> **Task to complete**: Report the tally of lines featuring the word "Nike" in the entries below, without anything else.

> **Data provided**:
################
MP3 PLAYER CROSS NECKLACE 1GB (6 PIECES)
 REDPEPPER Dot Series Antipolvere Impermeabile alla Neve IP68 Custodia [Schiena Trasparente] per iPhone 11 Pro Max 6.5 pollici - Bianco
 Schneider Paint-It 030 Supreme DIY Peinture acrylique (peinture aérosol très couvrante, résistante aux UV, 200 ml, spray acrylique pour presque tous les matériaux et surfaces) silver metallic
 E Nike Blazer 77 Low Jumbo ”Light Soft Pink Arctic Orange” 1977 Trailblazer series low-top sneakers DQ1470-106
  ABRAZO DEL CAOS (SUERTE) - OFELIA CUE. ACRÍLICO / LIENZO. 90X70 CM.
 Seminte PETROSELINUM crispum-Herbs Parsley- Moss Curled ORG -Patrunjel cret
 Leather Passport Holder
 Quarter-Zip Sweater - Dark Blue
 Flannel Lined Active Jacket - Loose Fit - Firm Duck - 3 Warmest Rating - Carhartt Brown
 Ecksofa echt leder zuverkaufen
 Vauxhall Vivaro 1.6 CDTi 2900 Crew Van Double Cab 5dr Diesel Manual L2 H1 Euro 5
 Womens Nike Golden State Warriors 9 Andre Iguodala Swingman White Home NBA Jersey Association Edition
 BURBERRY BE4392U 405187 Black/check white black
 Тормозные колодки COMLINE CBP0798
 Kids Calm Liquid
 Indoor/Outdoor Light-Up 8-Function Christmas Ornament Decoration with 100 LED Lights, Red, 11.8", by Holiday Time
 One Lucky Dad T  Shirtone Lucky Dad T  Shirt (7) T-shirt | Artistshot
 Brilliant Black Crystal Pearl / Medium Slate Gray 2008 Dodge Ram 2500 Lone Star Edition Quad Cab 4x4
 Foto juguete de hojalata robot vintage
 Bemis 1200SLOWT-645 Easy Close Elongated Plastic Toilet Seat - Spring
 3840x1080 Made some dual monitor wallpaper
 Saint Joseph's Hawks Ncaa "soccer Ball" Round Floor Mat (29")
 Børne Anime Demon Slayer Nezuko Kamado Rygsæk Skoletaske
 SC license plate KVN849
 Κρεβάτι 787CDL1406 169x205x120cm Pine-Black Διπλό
################
> **Answer**: 2